Assume I have the table below. And I want to find all id
where A
is directly or indirectly followed by B
.
A->B
is the direct sequence for id 1
, while A->B
is the indirect sequence for id 2, id 3, and id 4.
have <- tibble(id=c(rep(1,2),rep(2,4),rep(3,3),rep(4,4))
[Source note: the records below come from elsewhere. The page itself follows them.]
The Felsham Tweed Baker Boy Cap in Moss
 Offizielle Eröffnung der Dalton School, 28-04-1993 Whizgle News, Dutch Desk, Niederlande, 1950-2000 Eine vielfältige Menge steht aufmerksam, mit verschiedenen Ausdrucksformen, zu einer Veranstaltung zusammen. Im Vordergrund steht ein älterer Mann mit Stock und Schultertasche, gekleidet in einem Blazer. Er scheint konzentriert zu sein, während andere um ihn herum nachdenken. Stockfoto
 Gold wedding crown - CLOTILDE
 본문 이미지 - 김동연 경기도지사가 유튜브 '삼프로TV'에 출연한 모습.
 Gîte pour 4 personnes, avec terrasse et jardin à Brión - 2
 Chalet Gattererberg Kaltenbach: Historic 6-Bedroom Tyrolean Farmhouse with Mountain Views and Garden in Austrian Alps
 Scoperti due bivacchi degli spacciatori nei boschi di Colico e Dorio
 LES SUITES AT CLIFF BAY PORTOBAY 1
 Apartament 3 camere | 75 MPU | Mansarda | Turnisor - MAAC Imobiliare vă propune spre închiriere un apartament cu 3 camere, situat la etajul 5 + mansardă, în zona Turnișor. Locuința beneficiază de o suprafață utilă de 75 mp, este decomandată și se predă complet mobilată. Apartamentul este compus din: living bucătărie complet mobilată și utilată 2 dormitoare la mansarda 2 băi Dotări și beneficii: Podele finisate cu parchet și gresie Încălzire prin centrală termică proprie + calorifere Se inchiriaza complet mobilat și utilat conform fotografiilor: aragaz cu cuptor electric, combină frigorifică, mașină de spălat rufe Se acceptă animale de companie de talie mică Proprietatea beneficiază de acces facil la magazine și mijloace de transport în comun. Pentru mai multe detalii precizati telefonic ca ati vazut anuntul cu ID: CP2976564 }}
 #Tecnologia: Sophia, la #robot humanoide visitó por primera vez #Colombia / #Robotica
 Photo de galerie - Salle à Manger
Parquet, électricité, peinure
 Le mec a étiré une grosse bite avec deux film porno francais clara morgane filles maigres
,sequence=c('A','B','A','D','C','B','D','A','C','B','D','A','B'))
have
# A tibble: 13 × 2
id sequence
<dbl> <chr>
1 1 A
2 1 B
3 2 A
4 2 D
5 2 C
6 2 B
7 3 D
8 3 A
9 3 C
10 4 B
11 4 D
12 4 A
13 4 B
For A->B direct sequences
, I do the following. But I don't think the same logic applies to indirect sequences unless I use regex expressions on the concatenated.
have %>% group_by(id) %>%
dplyr::mutate(process_seq = paste(lag(sequence), '->', sequence)) %>%
dplyr::filter(process_seq == 'A -> B')
CodePudding user response:
Here‘s one approach:
library(tidyverse)
have %>%
group_by(id) %>%
mutate(direct = if_else(sequence == 'A' & lead(sequence) == 'B', 1, 0)) %>%
mutate(indirect = any(sequence == 'A') & any(sequence == 'B')) %>%
filter(any(direct == 1) | indirect == TRUE) %>%
ungroup()
which gives:
# A tibble: 10 x 4
id sequence direct indirect
<dbl> <chr> <dbl> <lgl>
1 1 A 1 TRUE
2 1 B 0 TRUE
3 2 A 0 TRUE
4 2 D 0 TRUE
5 2 C 0 TRUE
6 2 B 0 TRUE
7 4 B 0 TRUE
8 4 D 0 TRUE
9 4 A 1 TRUE
10 4 B 0 TRUE
You can of course deselect the created direct /indirect columns.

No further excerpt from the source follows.